In recent years, the research on the detection of malicious PDF documents based on artificial intelligence has made great progress. The main method is to obtain PDF documents metadata, structural features, JavaScript codes and behavioural characteristics through the parser, and use machine learning or deep learning algorithms for detection. Among the existing malicious PDF documents detection methods, the detection models based on byte features have low accuracy, and the detection models based on JavaScript features are not comprehensive enough. Although the accuracy of the detection models based on structural features and metadata have been high, the detection models have low robustness⁴ and insufficient detection capabilities for unknown malicious PDF documents⁵.

This paper proposes a detection technology for malicious PDF documents containing JavaScript based on benign samples. This technology uses benign PDF documents as training samples, uses one-class SVM machine learning algorithm to establish a decision model. The main contributions are as follows:

• The detection model has strong generalization ability, and the detection rate of newly discovered malicious PDF documents reaches 96.91%.
• By using semantic-level features of JavaScript code, the interpretability of the detection model is improved.
• The detection model uses JavaScript keywords and usage methods frequently used in malicious PDF documents as components of features, making feature selection more targeted and improving robustness.

2. BACKGROUND

PDF documents support JavaScript codes execution, which provides conditions for attackers to use programming languages to implement flexible and diverse attacks. Its complex structure provides convenience for effective concealment of malicious code.

2.1

JavaScript codes in pdf document

Since PDF 1.3, in order to enrich the functions, PDF documents introduced JavaScript codes for interactive form, digital signatures, and display of 3D objects.
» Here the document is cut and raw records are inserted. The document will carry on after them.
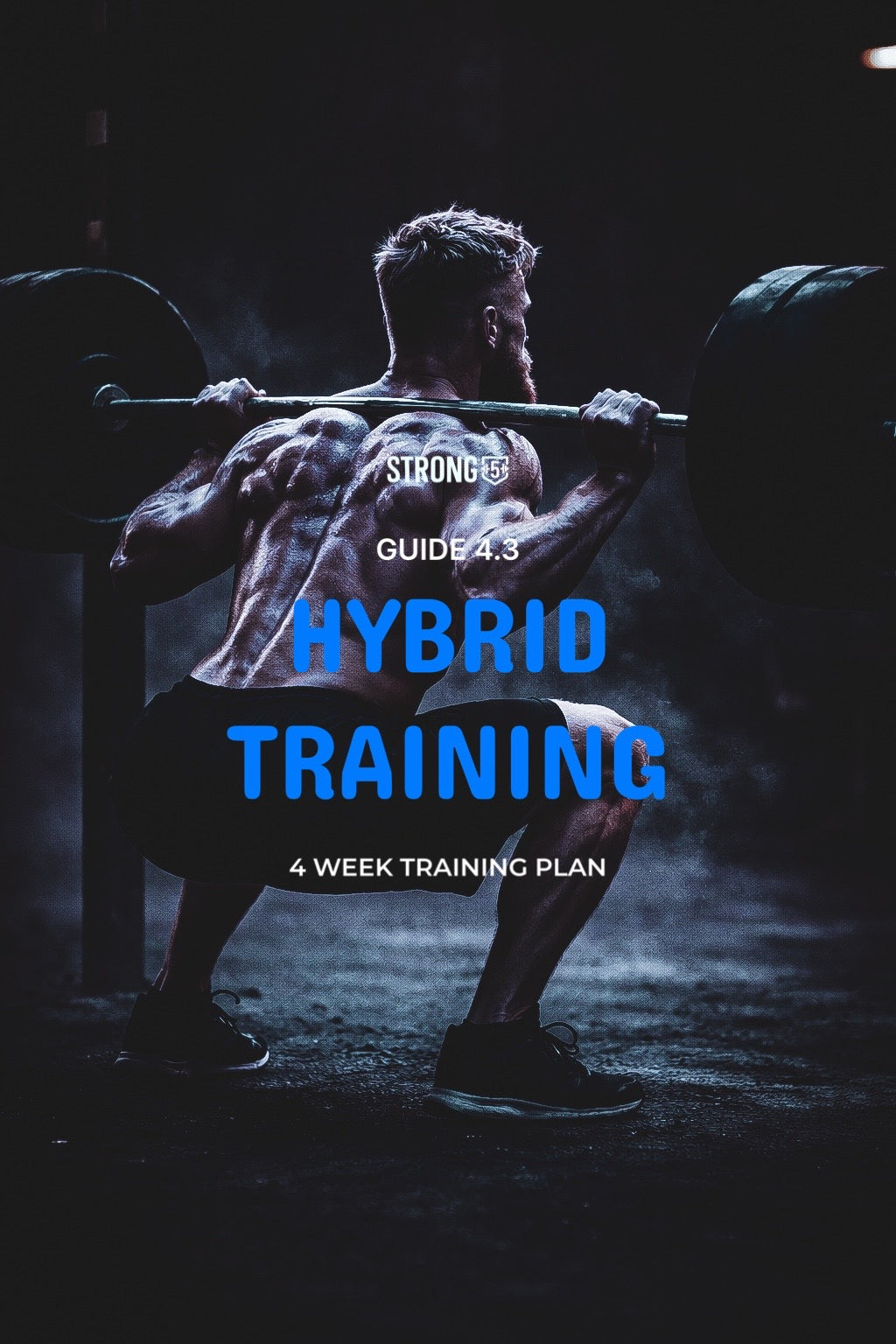 Guide 4.3 Hybrid Training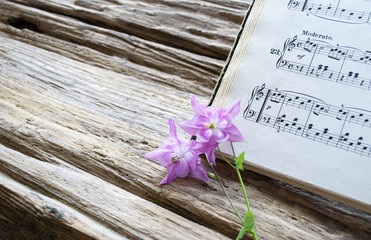 Altes Notenblatt mit rosa Akelei (Aquilegia), Treibholz / Holz Hintergrund 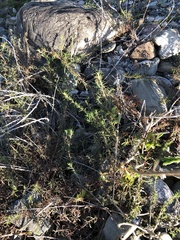 Chamaenerion colchicum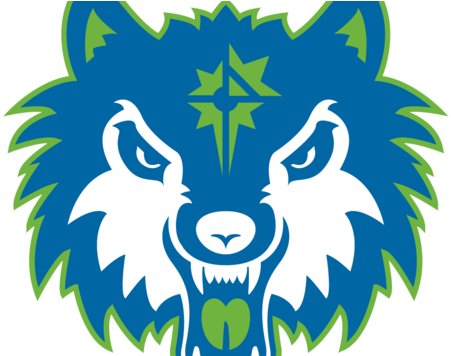 Stylized Blue Wolf Logo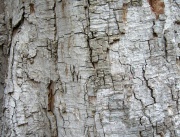 Bo.tree bark.jpg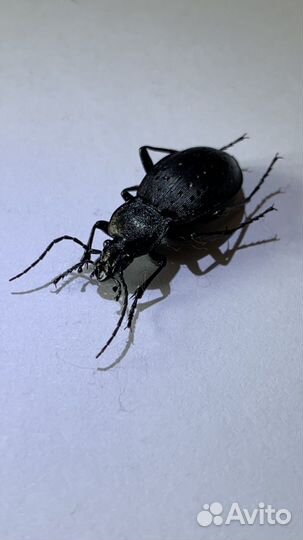 Жук жужелица садовая Carabus hortensis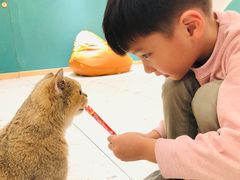 -飞行喵MR PILOT|猫舍·猫咖(静安大融城店)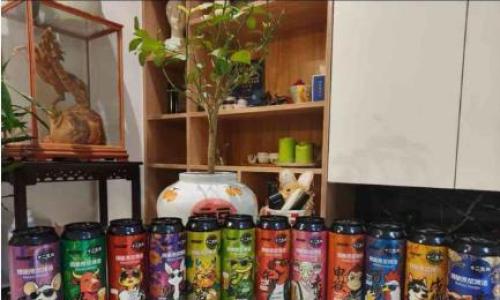终端老板疯抢的爆品: 这款啤酒摆出来,顾客主动问链接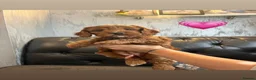 Cockapoo dogs for sale: Beautiful Fox Red F2 Cockapoo Puppies - Advert 15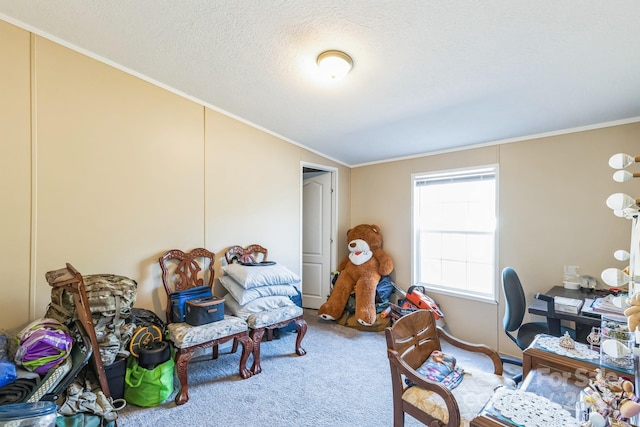 carpeted office with a textured ceiling, lofted ceiling, and crown molding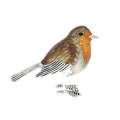 British Wildlife Sterling Silver & Enamel Robin Garden Bird By Saturno Figurine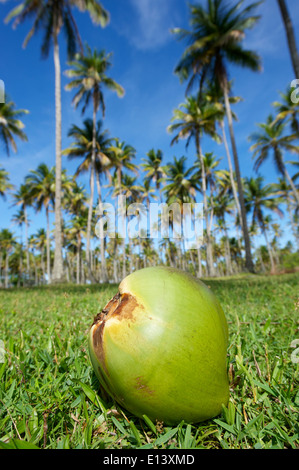 Assis dans la noix de coco de patch grove herbe devant de grands cocotiers vert brésilien sur le ciel tropical Coconut Coast Banque D'Images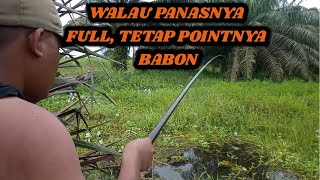 MANCING SEPAT SIAM || Di Pedalaman Riau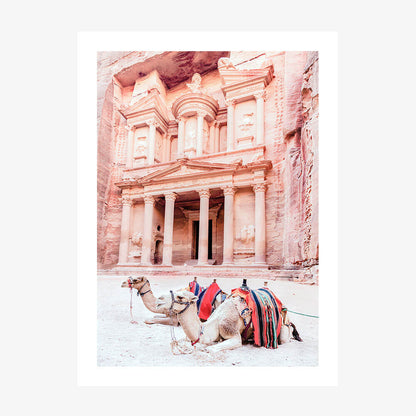 Camels of Petra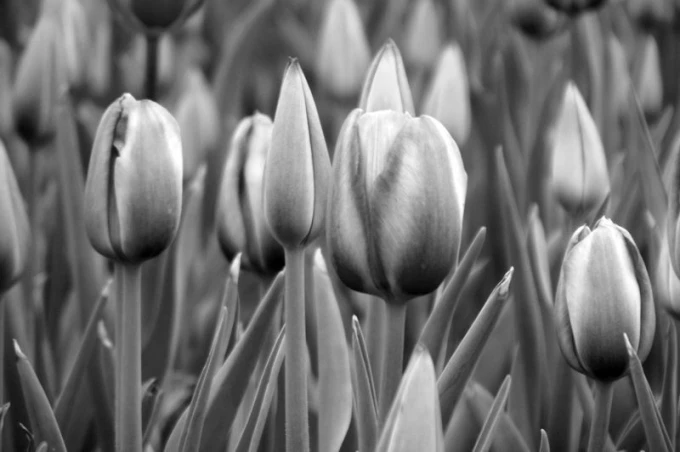 Fototapeta na ścianę tulipany z uprawy FP 497 - Wzór graficzny. Kwiaty tulipanów w różnych kształtach, w odcieniach szarości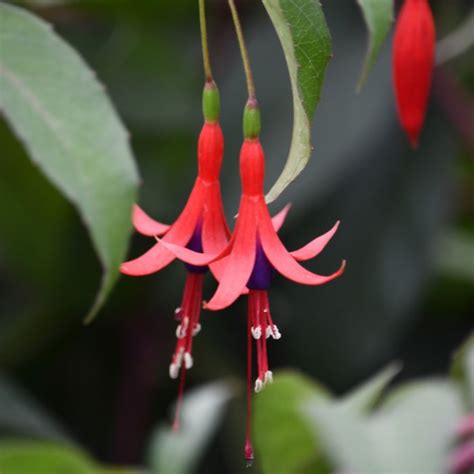 Fuchsia Royal Aux Fruits Savoureux Ou Fuchsia Regia Reitzii Meilland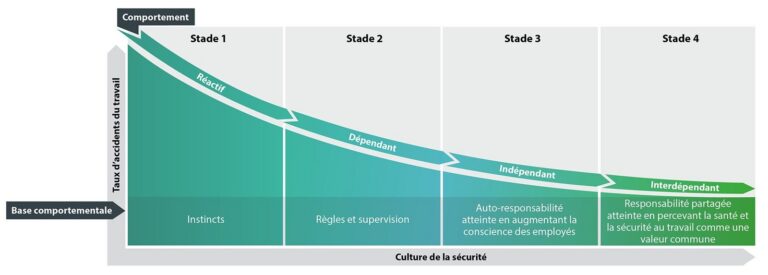 La courbe de Bradley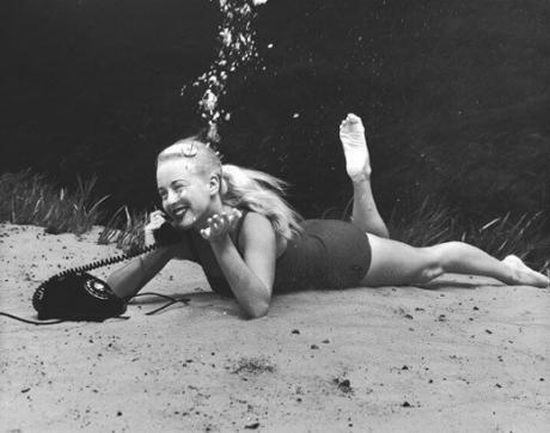 Underwater Life (9 pics)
The JavaScript codes can exist directly in the object, or it can be stored in the stream after being encoded, or it can be stored in an external file. The JavaScript interpreter integrated in the PDF reader can compile and execute JavaScript codes. The JavaScript codes in the PDF document can be executed automatically when it is opened, or it can be executed dynamically.

2.2

Attack method based on JavaScript code

There are three main attack methods for malicious PDF documents: JavaScript code-based attacks, embedded file-based attacks, and form submission attacks. Among them, JavaScript code-based attacks are the main method.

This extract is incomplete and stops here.